Densho Digital Archive
Densho Visual History Collection
Title: Charles Z. Smith Interview
Narrator: Charles Z. Smith
Interviewer: Tom Ikeda
Location: Seattle, Washington
Date: August 13, 2004
Densho ID: denshovh-scharles-01-0014

<Begin Segment 14>

TI: Well, so I'm curious; with Ike, Ike was incarcerated during World War II. Did he ever share that with you?

CS: No.

TI: And so when did you find out that this had happened to Japanese Americans?

CS: Oh... [pauses] you know, I can't, I can't remember how it was that I learned it, and I didn't learn it... I think I learned it from reading, but I became aware of the fact that there was a dichotomy between the Chinese Americans and the Japanese Americans, and some unstated and sometimes stated antagonism between Chinese Americans and Japanese Americans in Seattle. And I remember seeing photographs of shops run by Chinese Americans that said, "We're not Japanese," and that kind of thing. And somehow or the other, my curiosity about that came into focus around 1952. And the, with respect to the incarceration experience... you know, I really don't know. I don't know when I first became intentionally aware. But when the commission report came out, it was not news to me, because I already knew all those things. When I was president of the American Baptist Churches, for example, I got our general board to pass a resolution condemning the incarceration. So that was some years later, in the '70s, but I just don't know. But it -- and this is not a true answer, but it seems that I always knew it. But the question is, when did I know it, and I could never under oath say, "I became aware of it at this time," or, "I became aware of it through this process."

TI: How about just recollections? Because you're well-known in the Japanese American community with people like Ike and others, at points did people just sort of share their stories of what, what happened to them? Or did they avoid telling you? I'm curious, sort of, because you're, you're outside the Japanese American community, and I'm just curious how people within the community communicated what happened to outsiders.
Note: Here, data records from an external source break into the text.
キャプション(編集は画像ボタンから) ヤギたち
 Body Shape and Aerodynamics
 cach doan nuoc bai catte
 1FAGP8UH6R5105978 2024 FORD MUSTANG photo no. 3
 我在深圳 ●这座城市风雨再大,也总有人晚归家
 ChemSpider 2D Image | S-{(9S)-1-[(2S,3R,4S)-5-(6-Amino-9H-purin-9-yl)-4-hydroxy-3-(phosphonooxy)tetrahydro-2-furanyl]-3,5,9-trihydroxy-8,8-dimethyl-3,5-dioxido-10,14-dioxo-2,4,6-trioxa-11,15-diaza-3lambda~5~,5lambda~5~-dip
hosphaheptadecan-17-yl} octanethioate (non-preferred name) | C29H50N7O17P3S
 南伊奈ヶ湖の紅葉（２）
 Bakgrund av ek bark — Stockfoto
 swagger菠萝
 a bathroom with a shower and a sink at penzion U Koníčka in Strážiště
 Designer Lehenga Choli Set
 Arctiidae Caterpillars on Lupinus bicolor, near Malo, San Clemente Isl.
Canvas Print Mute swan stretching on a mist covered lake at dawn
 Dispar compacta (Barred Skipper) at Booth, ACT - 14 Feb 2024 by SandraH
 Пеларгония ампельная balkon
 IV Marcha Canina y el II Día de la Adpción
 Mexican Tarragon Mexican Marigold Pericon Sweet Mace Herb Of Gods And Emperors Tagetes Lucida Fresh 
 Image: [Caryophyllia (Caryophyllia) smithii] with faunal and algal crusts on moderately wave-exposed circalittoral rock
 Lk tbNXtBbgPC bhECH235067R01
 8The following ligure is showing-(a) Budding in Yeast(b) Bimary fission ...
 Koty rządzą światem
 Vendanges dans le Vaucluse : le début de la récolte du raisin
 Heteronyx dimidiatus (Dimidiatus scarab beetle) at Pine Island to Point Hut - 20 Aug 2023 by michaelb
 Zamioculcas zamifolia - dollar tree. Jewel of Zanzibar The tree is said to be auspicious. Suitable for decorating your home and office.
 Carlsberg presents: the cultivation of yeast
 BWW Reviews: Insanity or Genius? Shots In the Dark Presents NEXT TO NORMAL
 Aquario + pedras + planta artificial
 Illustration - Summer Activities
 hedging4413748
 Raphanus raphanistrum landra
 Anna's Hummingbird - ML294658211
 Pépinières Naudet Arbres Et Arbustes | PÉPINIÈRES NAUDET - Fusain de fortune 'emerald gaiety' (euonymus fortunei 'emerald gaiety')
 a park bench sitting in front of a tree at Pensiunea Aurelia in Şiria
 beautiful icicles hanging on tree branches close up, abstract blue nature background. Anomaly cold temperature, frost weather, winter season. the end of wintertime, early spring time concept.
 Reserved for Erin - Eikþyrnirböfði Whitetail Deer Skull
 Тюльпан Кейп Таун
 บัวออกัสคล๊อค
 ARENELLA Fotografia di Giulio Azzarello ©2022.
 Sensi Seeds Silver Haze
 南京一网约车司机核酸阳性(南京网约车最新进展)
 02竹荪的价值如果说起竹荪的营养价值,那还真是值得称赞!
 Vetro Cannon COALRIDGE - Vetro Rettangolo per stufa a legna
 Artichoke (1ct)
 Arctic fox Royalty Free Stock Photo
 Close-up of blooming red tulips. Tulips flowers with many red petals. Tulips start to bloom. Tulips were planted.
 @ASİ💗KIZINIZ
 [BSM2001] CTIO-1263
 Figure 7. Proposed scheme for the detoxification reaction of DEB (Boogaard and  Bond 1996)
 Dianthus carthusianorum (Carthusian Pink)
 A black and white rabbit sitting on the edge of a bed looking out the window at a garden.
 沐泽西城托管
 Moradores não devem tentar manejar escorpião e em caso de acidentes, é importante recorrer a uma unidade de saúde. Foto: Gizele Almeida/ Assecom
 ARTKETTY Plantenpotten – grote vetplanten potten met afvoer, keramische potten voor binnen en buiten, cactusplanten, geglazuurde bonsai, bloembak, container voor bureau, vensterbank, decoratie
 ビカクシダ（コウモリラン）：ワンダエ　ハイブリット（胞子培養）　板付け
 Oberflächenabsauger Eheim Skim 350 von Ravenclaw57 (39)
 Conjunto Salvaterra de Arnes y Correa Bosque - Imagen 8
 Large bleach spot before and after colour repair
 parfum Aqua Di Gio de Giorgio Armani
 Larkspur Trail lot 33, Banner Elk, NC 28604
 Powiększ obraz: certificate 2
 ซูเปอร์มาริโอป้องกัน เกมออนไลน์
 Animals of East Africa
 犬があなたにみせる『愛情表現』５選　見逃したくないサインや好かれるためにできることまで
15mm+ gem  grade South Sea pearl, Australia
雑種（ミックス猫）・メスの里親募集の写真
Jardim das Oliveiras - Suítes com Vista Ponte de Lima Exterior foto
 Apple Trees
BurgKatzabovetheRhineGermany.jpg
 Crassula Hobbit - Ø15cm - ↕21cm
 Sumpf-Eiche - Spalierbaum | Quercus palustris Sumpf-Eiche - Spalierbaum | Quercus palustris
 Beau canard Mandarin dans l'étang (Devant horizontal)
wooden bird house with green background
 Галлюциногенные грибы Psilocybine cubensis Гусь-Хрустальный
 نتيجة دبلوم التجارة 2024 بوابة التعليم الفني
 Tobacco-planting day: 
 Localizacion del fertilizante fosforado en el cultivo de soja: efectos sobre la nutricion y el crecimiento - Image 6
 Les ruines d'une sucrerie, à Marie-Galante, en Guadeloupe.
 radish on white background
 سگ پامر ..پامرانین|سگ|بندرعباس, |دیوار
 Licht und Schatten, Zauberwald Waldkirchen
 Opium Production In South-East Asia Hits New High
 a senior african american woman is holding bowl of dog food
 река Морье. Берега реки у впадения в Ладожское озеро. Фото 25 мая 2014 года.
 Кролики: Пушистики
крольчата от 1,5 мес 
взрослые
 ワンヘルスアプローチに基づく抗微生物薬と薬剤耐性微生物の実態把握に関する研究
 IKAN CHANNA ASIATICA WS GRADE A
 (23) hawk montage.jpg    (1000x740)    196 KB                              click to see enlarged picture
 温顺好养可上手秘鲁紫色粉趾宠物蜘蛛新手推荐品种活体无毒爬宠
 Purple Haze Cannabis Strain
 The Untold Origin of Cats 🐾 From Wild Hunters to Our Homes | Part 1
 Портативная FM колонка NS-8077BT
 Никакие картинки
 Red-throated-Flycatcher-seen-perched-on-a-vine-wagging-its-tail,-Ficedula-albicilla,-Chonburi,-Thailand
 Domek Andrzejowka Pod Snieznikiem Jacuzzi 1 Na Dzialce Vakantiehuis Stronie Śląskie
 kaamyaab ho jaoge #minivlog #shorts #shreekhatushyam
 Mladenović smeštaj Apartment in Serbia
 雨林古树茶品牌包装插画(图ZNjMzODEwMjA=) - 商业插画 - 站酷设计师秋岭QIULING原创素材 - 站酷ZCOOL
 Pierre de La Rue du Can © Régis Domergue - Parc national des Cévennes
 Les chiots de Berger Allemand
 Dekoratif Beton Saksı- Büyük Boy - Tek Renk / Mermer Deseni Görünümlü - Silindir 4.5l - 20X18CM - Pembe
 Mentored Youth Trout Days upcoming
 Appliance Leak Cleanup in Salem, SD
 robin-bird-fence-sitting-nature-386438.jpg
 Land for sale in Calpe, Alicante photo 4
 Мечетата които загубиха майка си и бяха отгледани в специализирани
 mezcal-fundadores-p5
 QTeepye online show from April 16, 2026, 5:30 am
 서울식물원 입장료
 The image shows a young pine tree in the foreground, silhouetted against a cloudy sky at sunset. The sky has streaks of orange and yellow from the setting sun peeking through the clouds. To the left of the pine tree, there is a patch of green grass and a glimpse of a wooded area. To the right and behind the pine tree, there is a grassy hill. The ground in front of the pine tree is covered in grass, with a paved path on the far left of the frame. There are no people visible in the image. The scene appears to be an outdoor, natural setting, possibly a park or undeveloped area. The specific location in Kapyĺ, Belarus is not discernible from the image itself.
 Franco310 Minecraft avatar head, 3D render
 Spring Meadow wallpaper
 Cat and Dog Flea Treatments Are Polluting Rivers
CS: In the Nikkei culture, you may be aware, there is a reticence to talk about unpleasant experiences. And while I was on the board of the Seattle chapter of the Japanese American Citizens League for a number of years, I never... I do not remember ever hearing persons talking about the incarceration experience until we got into redress, which was opening another chapter. So I was aware of, for example, Reverend Emery Andrews, who was the non-Japanese minister of the Japanese Baptist Church, who was dearly loved by the Nikkei community in Seattle, because among other things, he would make weekly trips to Minidoka to stay in touch with his friends and parishioners, and other residents of Seattle who were in that concentration camp. And so I began to get little bits of information through that process, to the point at which I would be nervy enough to ask my Nikkei friends, "Were you in a concentration camp? Which one?" And I was able to identify all the camps. I knew where they were located and all of these other things. And it all came into focus, however, when the Commission on Wartime Relocation issued its report, which is a comprehensive report on the relocation experience. But again, I learned through the testimony before the commission -- I was not on the commission, but I attended all the hearings here in Seattle -- I learned of experiences that some of my friends had had for the first time in those hearings. And later on, of course, when we got involved in the redress movement, everything came into focus and that was the beginning of my intense knowledge of what actually happened. And we had what was called Days of Remembrance, the first time at the staging grounds in Puyallup, that was where the logo with the barbed wire was first used.

TI: Right, that's the Frank Fujii...

CS: Frank Fujii did it.

TI: Did that one.

CS: Right, and I am the proud owner of an original copy of that. [Laughs] It's a print, but it's, it's a framed print. But I attended and participated in the first Days of Remembrance at Puyallup. And so these things began to churn inside, intellectually and emotionally, to the point at which you began to look into it and see what actually happened and how a government could do such terrible things to a part of its population, and the idea of literally imprisoning. And whatever euphemism they may use, "internment camps," I call them "concentration camps," and they were imprisoned and the staging grounds, stables, fairgrounds and stables, things like that, throughout the area, and how they applied the law simply by a person's appearance, by the name that they had, and with nothing, nothing more than that. And not every person of Japanese ancestry was in the prison camps. I have friends who went to Chicago, for example, and people living in Chicago were not in the camps. But again, all of this is to say that as you put together little bits of conversations, and little bits of reading, and you begin to determine what actually happened, I think Michi Weglyn's book, (Years) of Infamy, was probably the most intense reading experience I had about the incarceration experience. And when you put all the things that have been written together, you get a pretty good idea of what actually happened, and then when you reach the stage where I am, where you have no hesitancy to ask one of your friends what their experience was, and you get their reaction to their experience, then you know that this is not a figment of someone's imagination. You know that this actually happened. And so some of this information I learned through my affiliation with the Japanese American Citizens League, but not all of it. It was just a platform where we had common goals and common interests, but it was not a platform on which people were able to express their rage and anger over the experience they had had.